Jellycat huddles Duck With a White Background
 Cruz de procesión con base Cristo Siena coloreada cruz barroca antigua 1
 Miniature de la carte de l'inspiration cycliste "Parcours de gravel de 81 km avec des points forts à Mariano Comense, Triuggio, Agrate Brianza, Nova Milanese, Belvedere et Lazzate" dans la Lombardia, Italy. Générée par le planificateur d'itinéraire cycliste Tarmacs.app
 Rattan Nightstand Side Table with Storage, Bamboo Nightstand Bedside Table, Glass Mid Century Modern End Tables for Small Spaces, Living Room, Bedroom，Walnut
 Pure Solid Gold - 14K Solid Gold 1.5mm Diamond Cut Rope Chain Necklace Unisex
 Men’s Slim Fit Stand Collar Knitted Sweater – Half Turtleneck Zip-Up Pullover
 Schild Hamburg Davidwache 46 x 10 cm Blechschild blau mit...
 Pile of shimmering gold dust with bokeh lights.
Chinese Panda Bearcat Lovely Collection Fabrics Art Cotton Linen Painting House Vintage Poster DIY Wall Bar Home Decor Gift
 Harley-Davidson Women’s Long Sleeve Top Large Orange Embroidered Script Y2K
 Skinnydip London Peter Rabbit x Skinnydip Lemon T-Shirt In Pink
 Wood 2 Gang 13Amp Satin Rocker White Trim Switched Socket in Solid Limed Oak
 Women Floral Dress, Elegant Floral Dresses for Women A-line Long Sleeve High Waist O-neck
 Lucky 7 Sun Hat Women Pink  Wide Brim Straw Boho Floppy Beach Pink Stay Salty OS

### YOUR TASK:
The job here is to find each line above with the word "Women" and copy it.

### FINISHED EXERCISE:
 Harley-Davidson Women’s Long Sleeve Top Large Orange Embroidered Script Y2K
 Women Floral Dress, Elegant Floral Dresses for Women A-line Long Sleeve High Waist O-neck
 Lucky 7 Sun Hat Women Pink  Wide Brim Straw Boho Floppy Beach Pink Stay Salty OS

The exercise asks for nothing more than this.